MY GUIDING PHILOSOPHY: EXPECT THE UNEXPECTED, MAINTAIN SOME SORT OF BALANCE,
PUSH HARD AGAINST ADVERSE WINDS, AND DON'T TAKE YOURSELF TOO SERIOUSLY.

Sunday, January 24, 2016

It’s Official: The Newports’ Deck Has 29 Inches. Snowzilla Rocks!!


Snowzilla has moved on and left little Falls Church and the D.C. area to start digging out.  Sadly, there seems to be some dispute as to exactly how much snow has fallen in different areas and, of course, it will take days before “official” figures are in.  I have read that in D.C. they had about 25-26 inches.  Compare that to 40 inches in some parts of  Pennsylvania and 30 inches in New York (STBC).

However, there is one official figure that is incontestable.  As you will see from this photo, there are 29 genuine Snowzilla inches of white stuff on my deck!! 

I would have held up the tape measure by hand to make the measurement look more convincing; but I was leaning out of the sliding deck door, holding one arm out to support myself, trying to keep the snow from cascading in with my legs, and taking a one-handed photo at the same time.  Gimmee a break, folks--I can’t afford a camera tripod and I don’t have a snowblower handy in family room.
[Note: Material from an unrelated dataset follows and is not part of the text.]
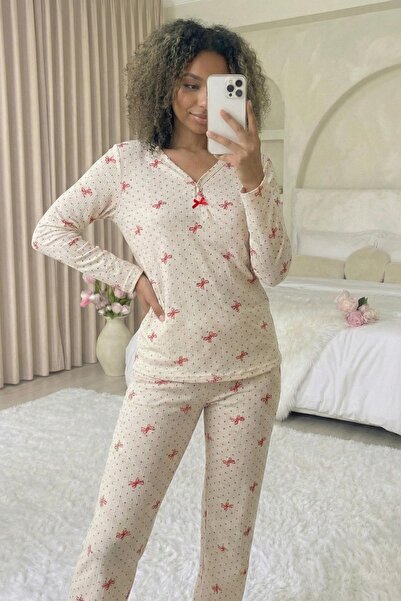 Niket Life طقم بيجامة نسائي من القطن طويل الأكمام بياقة على شكل كمثرى قماش مج...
The deck is groaning under the weight of snow.  I just hope it doesn’t keel over and pull the house down with it.  I did measure the snow on the table yesterday and it was 26 inches.  I stuck the tape measure into the snow on the table this morning (admittedly, at a bit of an angle), and it was reading 36 inches at the highest point.

I really could not take a photo to prove it; or I would probably have fallen into the snow, cracked my head on the table on the way down, and have become a statistic myself!  But I swear it is a reasonably accurate measurement.


Now, just to put all this in perspective, The Washington Post and, in particular, Kevin Ambrose and Ian Livingston (thanks, guys) of the phenomenal Capital Weather Gang, put together this excellent graphic for Newport Newz.  Use of graphic gratefully acknowledged (i.e. don’t sue me).

The all-time D.C. record snow fall was the Knickerbocker Snowstorm in 1922, a storm named after the Knickerbocker Theater which, tragically, collapsed and killed 98 people and injured 133 others.  That storm dropped 28 inches!   Even those of you who, like me, are math-challenged, will have worked out by now that the Snowzilla total on my deck exceeds the Knickerbocker total by 1 whole inch!  Who says size doesn’t matter?  It sure as hell matters in a snowstorm.

That’s my story and I’m sticking to it.  More on the aftermath of Snowzilla in the next blog.